# Working with Data

The intent of this tutorial is to help familiarize yourself with browsing for data that will be used along with an application to generate data by submitting a job. Job submission will be covered in the next tutorial. Run each cell in order (shift-enter). The notes will indicate when you need to edit code to customize things (e.g., to indicate a data collection)vs. being prompted by running the cell (e.g. for your username and password).

In [None]:
import requests
import getpass
import json
from IPython.display import JSON

First we need some pre-defined environment variables

In [None]:
# This portion of the code is env specific for Dev, Test, Ops, etc. 
# define the environment as our test venue
env = {
    "clientId":"71894molftjtie4dvvkbjeard0",
    "url":"https://58nbcawrvb.execute-api.us-west-2.amazonaws.com/test/"
      }

# The auth_json is template for authorizing with AWS Cognito for a token that can be used for calls to the data service.
# For now this is just an empty data structure. You will be prompted for your username and password in a few steps.
auth_json = '''{
     "AuthParameters" : {
        "USERNAME" : "",
        "PASSWORD" : ""
     },
     "AuthFlow" : "USER_PASSWORD_AUTH",
     "ClientId" : ""
  }'''

### Authentication Code

The below method is a helper function for getting an access token for accessing Unity SDS services. You must pass the token along with any API requests in order to access the various Unity SDS services.

In [None]:
# This method is used for taking a username and password and client ID and fetching a cognito token
def get_token(username, password, clientID):
    aj = json.loads(auth_json)
    aj['AuthParameters']['USERNAME'] = username
    aj['AuthParameters']['PASSWORD'] = password
    aj['ClientId'] =clientID 
    token = None
    try:
        response = requests.post('https://cognito-idp.us-west-2.amazonaws.com', headers={"Content-Type":"application/x-amz-json-1.1", "X-Amz-Target":"AWSCognitoIdentityProviderService.InitiateAuth"}, json=aj)
        token = response.json()['AuthenticationResult']['AccessToken']
    except:
        print("Error, check username and password and try again.")
    return token

### Prompt for your Unity username and password

These are required to get the token (described above) to connect to the data services.

In [None]:
print("Please enter your username...")
user_name = input()

print("Please enter your password...")
password = getpass.getpass()

In [None]:
token = get_token(user_name, password, env['clientId'])

if(token):
    print("Token received.")

## List Available Data Collections in the Unity System

Data is organized into Collections. Any particular data file will be in at least one Collection.

In [None]:
# The DAPA-request endpoint to retrieve collections is the base URL plus the following:
url = env['url'] + "am-uds-dapa/collections"

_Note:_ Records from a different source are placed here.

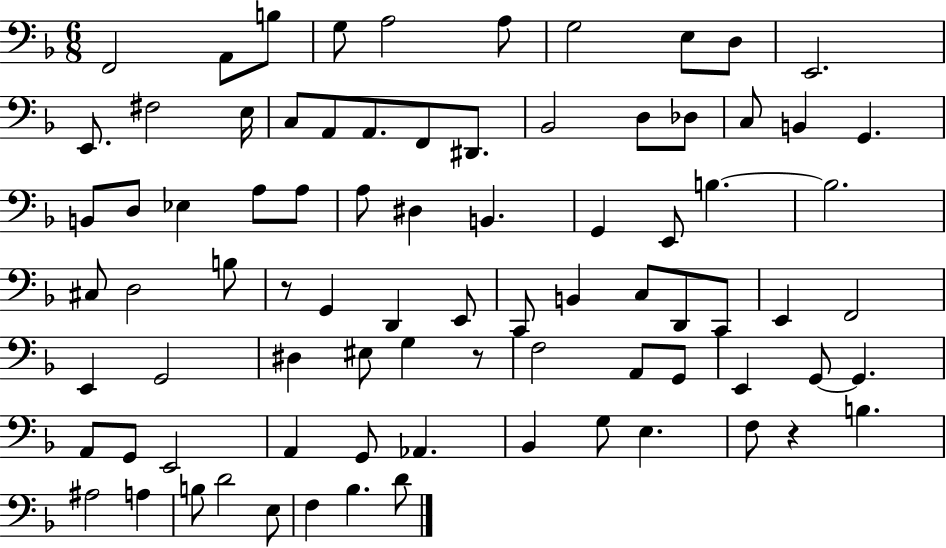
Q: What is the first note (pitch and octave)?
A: F2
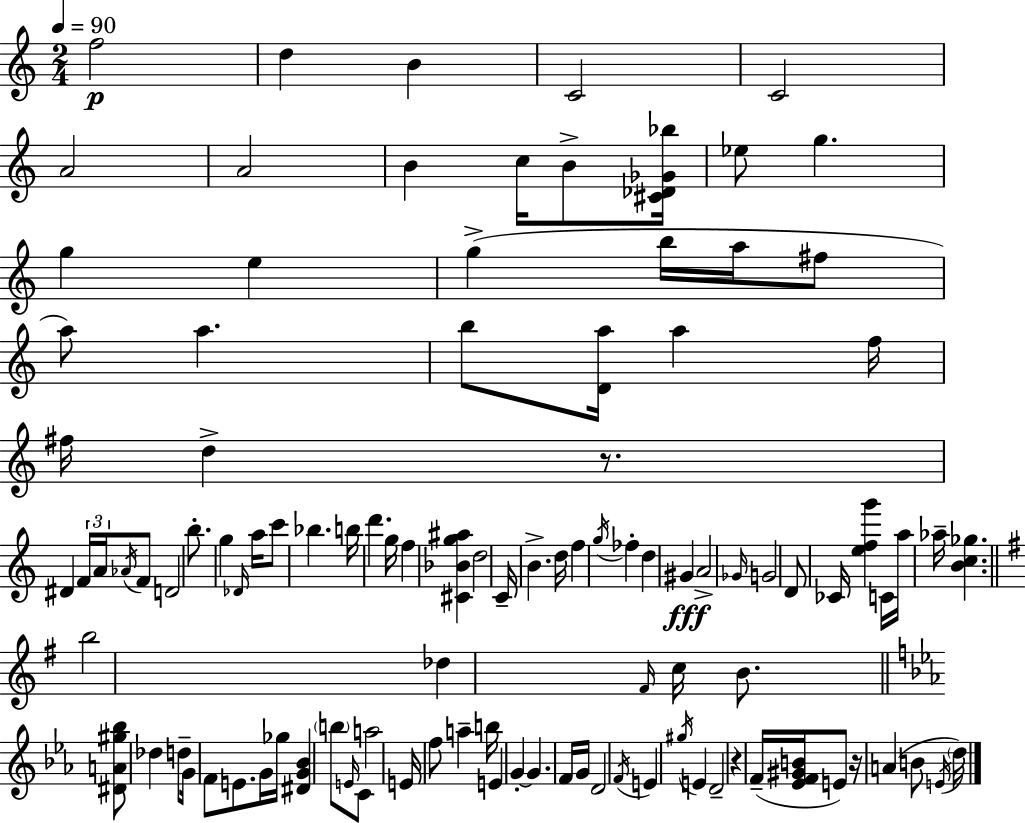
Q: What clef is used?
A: treble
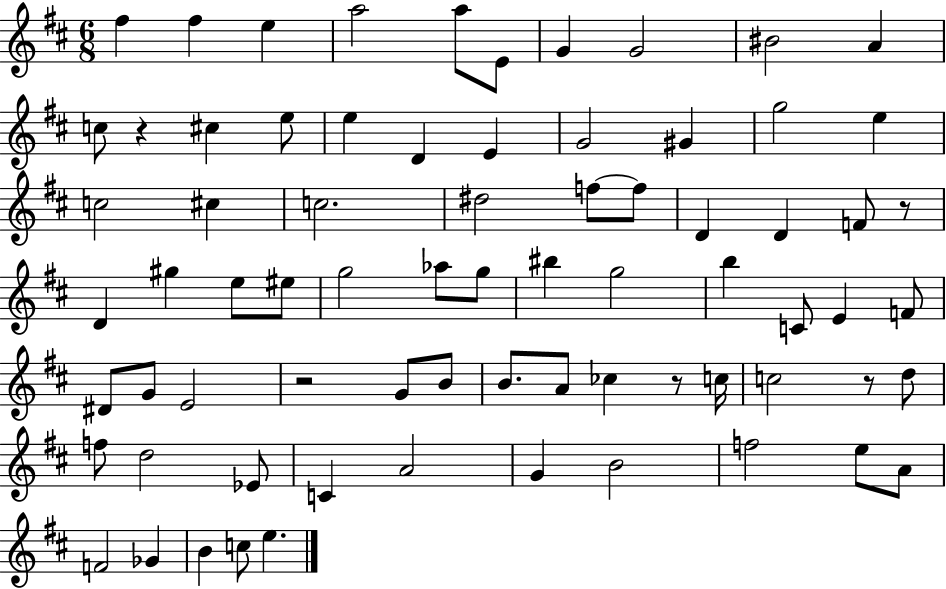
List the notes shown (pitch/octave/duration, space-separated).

F#5/q F#5/q E5/q A5/h A5/e E4/e G4/q G4/h BIS4/h A4/q C5/e R/q C#5/q E5/e E5/q D4/q E4/q G4/h G#4/q G5/h E5/q C5/h C#5/q C5/h. D#5/h F5/e F5/e D4/q D4/q F4/e R/e D4/q G#5/q E5/e EIS5/e G5/h Ab5/e G5/e BIS5/q G5/h B5/q C4/e E4/q F4/e D#4/e G4/e E4/h R/h G4/e B4/e B4/e. A4/e CES5/q R/e C5/s C5/h R/e D5/e F5/e D5/h Eb4/e C4/q A4/h G4/q B4/h F5/h E5/e A4/e F4/h Gb4/q B4/q C5/e E5/q.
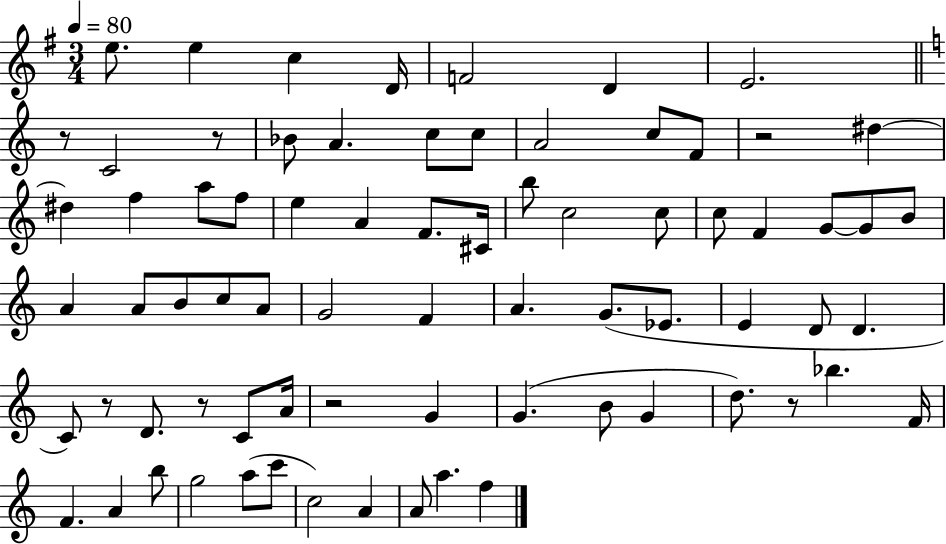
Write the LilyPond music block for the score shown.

{
  \clef treble
  \numericTimeSignature
  \time 3/4
  \key g \major
  \tempo 4 = 80
  e''8. e''4 c''4 d'16 | f'2 d'4 | e'2. | \bar "||" \break \key a \minor r8 c'2 r8 | bes'8 a'4. c''8 c''8 | a'2 c''8 f'8 | r2 dis''4~~ | \break dis''4 f''4 a''8 f''8 | e''4 a'4 f'8. cis'16 | b''8 c''2 c''8 | c''8 f'4 g'8~~ g'8 b'8 | \break a'4 a'8 b'8 c''8 a'8 | g'2 f'4 | a'4. g'8.( ees'8. | e'4 d'8 d'4. | \break c'8) r8 d'8. r8 c'8 a'16 | r2 g'4 | g'4.( b'8 g'4 | d''8.) r8 bes''4. f'16 | \break f'4. a'4 b''8 | g''2 a''8( c'''8 | c''2) a'4 | a'8 a''4. f''4 | \break \bar "|."
}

# Make a GET request at the URL you have constructed, using your access token
response = requests.get(url, headers={"Authorization": "Bearer " + token})

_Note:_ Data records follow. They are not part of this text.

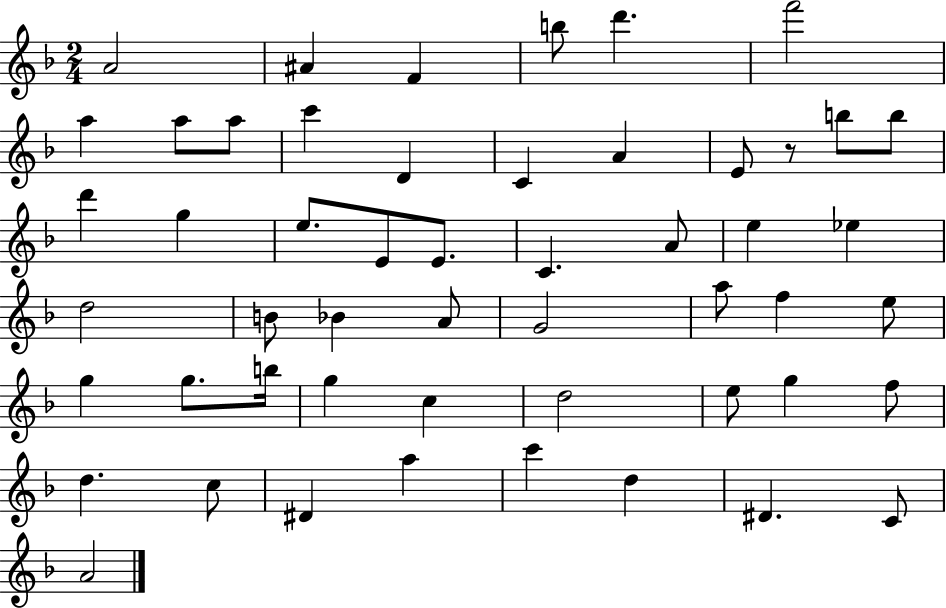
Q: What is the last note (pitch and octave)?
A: A4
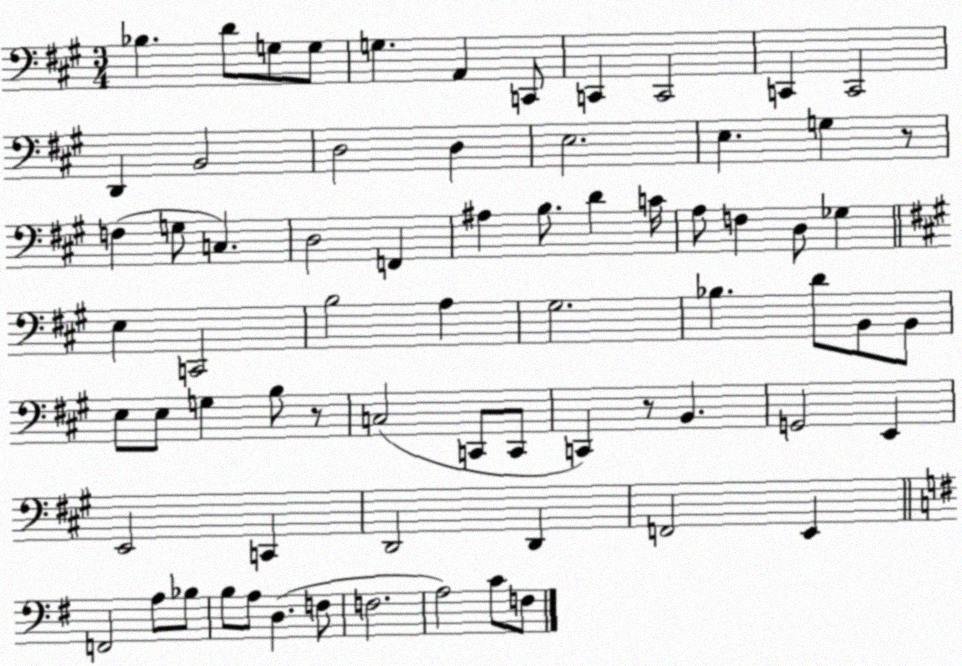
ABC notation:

X:1
T:Untitled
M:3/4
L:1/4
K:A
_B, D/2 G,/2 G,/2 G, A,, C,,/2 C,, C,,2 C,, C,,2 D,, B,,2 D,2 D, E,2 E, G, z/2 F, G,/2 C, D,2 F,, ^A, B,/2 D C/4 A,/2 F, D,/2 _G, E, C,,2 B,2 A, ^G,2 _B, D/2 B,,/2 B,,/2 E,/2 E,/2 G, B,/2 z/2 C,2 C,,/2 C,,/2 C,, z/2 B,, G,,2 E,, E,,2 C,, D,,2 D,, F,,2 E,, F,,2 A,/2 _B,/2 B,/2 A,/2 D, F,/2 F,2 A,2 C/2 F,/2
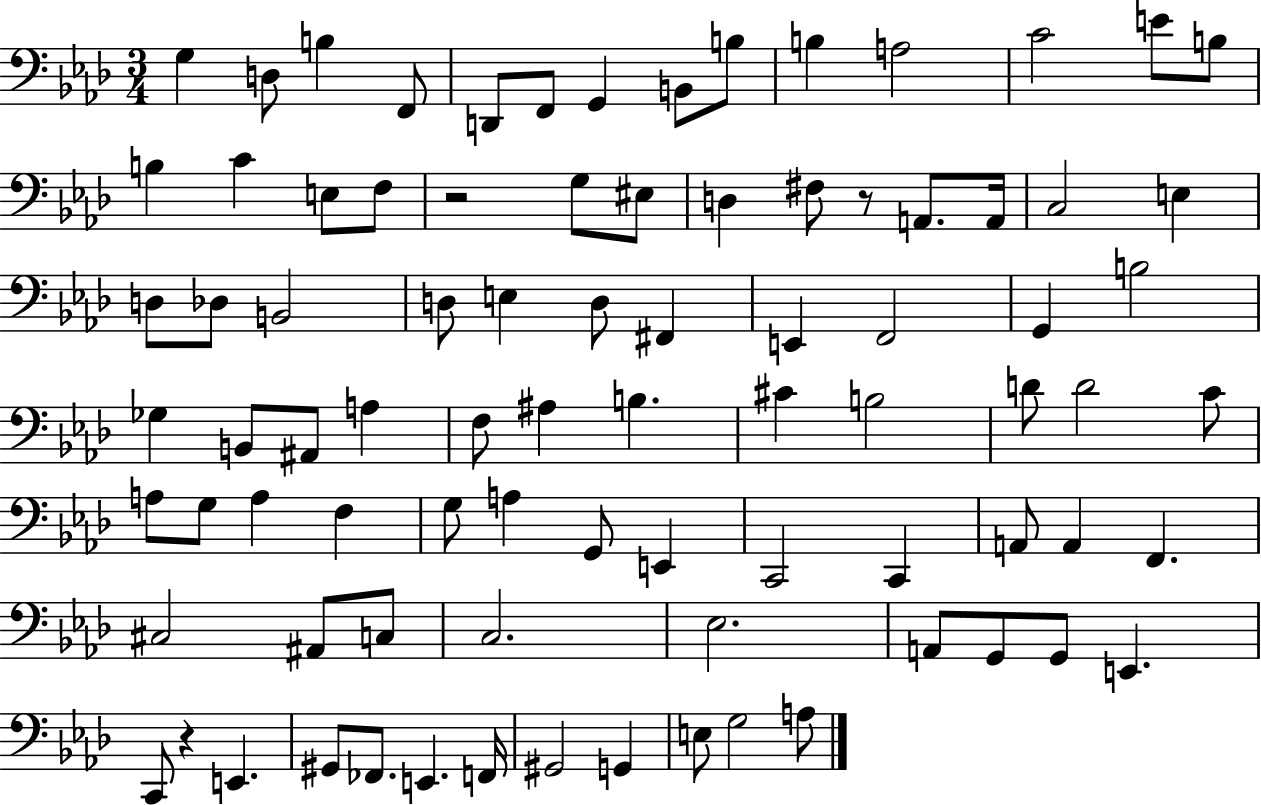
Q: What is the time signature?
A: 3/4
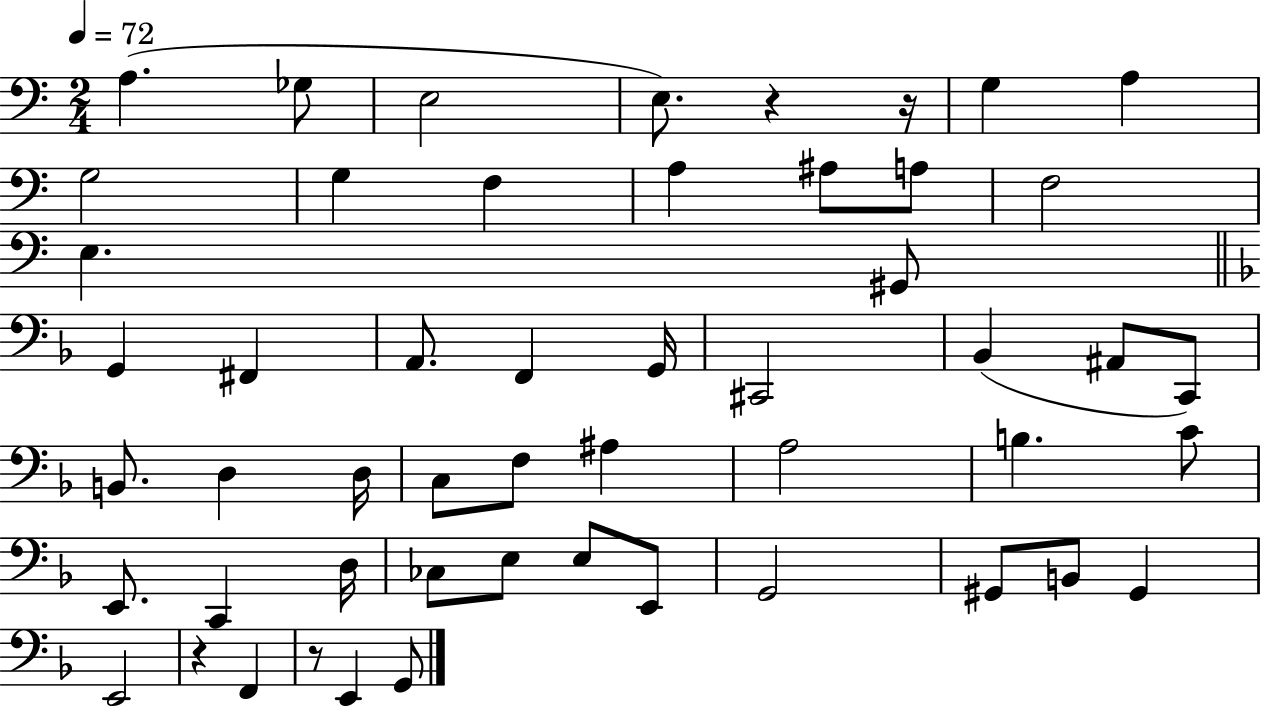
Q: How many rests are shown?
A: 4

print ("Data Collections at " + url)
# To see raw JSON of the API response, uncomment this line:
#print(json.dumps(response.json()))

features = response.json()['features']

for data_set in features:
   print(data_set['id'])

print("\nFull JSON response object:")
JSON(response.json())

## Given a collection (above), List the files within that collection

Executing this cell will retrieve all the files in a Collection defined by the data_set variable. Then it will print out the name and href location of each (up to a limit defined in this code block).

To see a different data Collection, change the data_set variable to one of the other Collections you found in the step above. If you would like to limit your query to something other than 100 files, change the value in the params.append() call.

In [None]:
data_set = "urn:nasa:unity:uds_local_test:TEST1:SNDR_SNPP_ATMS_L1B_OUTPUT___1"
url = env['url'] + "am-uds-dapa/collections/"+data_set+"/items"

params = []
#params.append(("limit", 20))

response = requests.get(url, headers={"Authorization": "Bearer " + token}, params=params)

print(f"Endpoint: "+url)
print(f"Total number of files: {response.json()['numberMatched']}")
print("File IDs, titles, and hrefs in Collection " + data_set + "\n")

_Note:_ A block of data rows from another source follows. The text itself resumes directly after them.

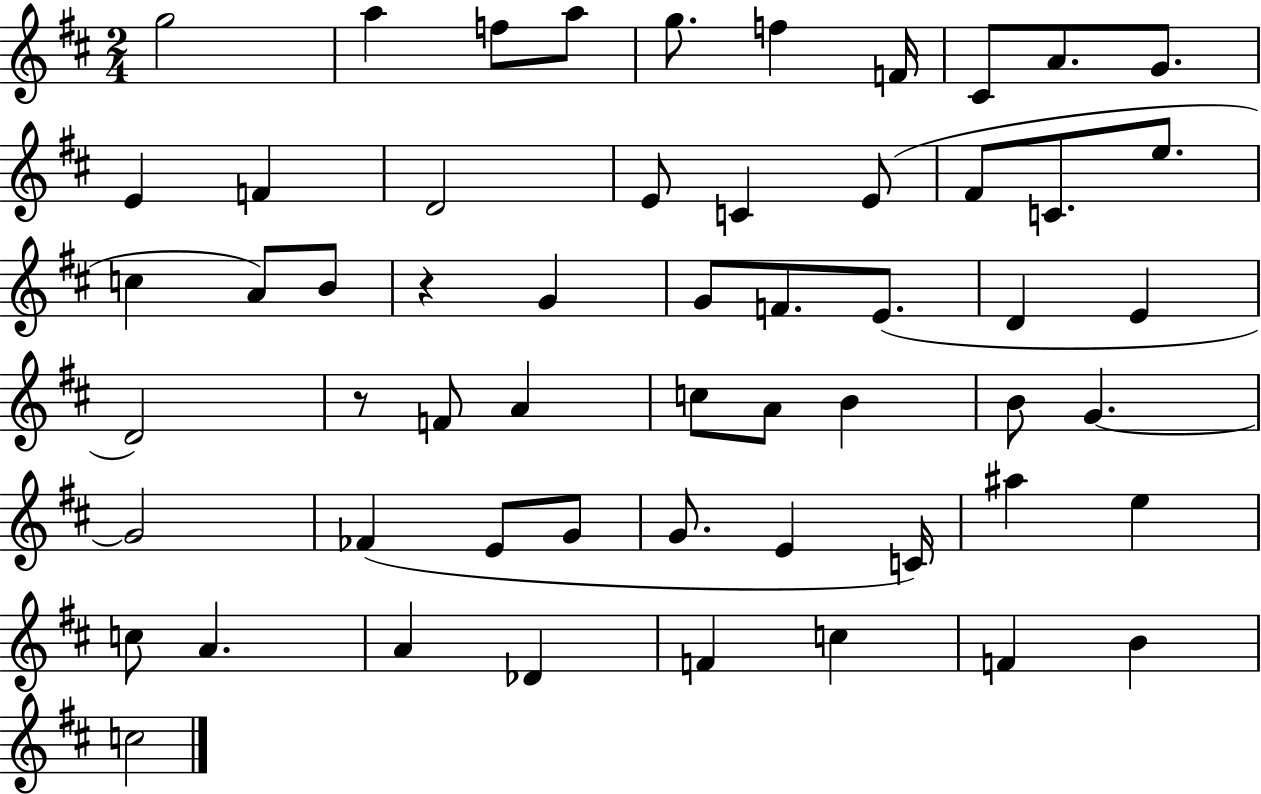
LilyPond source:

{
  \clef treble
  \numericTimeSignature
  \time 2/4
  \key d \major
  g''2 | a''4 f''8 a''8 | g''8. f''4 f'16 | cis'8 a'8. g'8. | \break e'4 f'4 | d'2 | e'8 c'4 e'8( | fis'8 c'8. e''8. | \break c''4 a'8) b'8 | r4 g'4 | g'8 f'8. e'8.( | d'4 e'4 | \break d'2) | r8 f'8 a'4 | c''8 a'8 b'4 | b'8 g'4.~~ | \break g'2 | fes'4( e'8 g'8 | g'8. e'4 c'16) | ais''4 e''4 | \break c''8 a'4. | a'4 des'4 | f'4 c''4 | f'4 b'4 | \break c''2 | \bar "|."
}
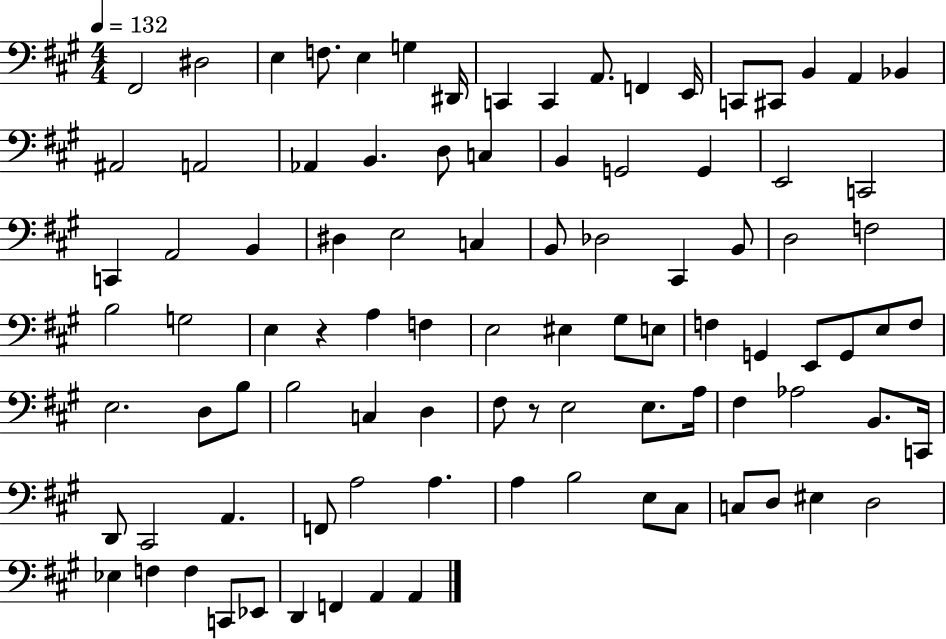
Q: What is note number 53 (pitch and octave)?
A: G2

features = response.json()['features']

for data_file in features: {
   print("For "+ data_file['id']),
   print("File:\t\t"+data_file['assets']['data']['href']),
   print("Metadata:\t"+data_file['assets']['metadata__data']['href']),
   print("")
}


print("Full JSON response object:")
JSON(response.json())


## Filter the results above by time

The standards-based API used by the Unity SDS Data Store, DAPA, has a variety of filtering options. Currently we have implemented a time-based filter. See more about the Data Access and Processing API at: https://docs.ogc.org/per/20-025r1.html#_dapa_overview

This cell will filter the full list of files in the Collection with ID = data_set by a start and end time defined by the datetime parameter.

In [None]:
data_set = "urn:nasa:unity:uds_local_test:TEST1:SNDR_SNPP_ATMS_L1B_OUTPUT___1"
url = env['url'] + "am-uds-dapa/collections/"+data_set+"/items"
# the datetime,limit, and offset are included due to a current bug in the API Gatway setting these values to 'none'.
# Example date/time params

params = []
#add a datetime to your request
params.append(("datetime", "2000-11-01T00:00:00Z/2022-11-01T02:31:12Z"))

# limit - how many results to return in a single request
#params.append(("limit", 10))

response = requests.get(url, headers={"Authorization": "Bearer " + token}, params=params)

print(f"Total number of files: {response.json()['numberMatched']}")
print("File IDs, datetimes, and hrefs in Collection " + data_set + "\n")

features = response.json()['features']
while len(features) > 0:
    for data_file in features: {
       print(data_file['id']),
       print(data_file['properties']['created']),
       print(data_file['assets']['metadata__data']['href']),
       print(data_file['assets']['data']['href']),
       print("")
    }
    # Get the next page of results
    response = requests.get(next(item for item in response.json()['links'] if item['rel'] == 'next')['href'], headers={"Authorization": "Bearer " + token}, params=params)
    features = response.json()['features']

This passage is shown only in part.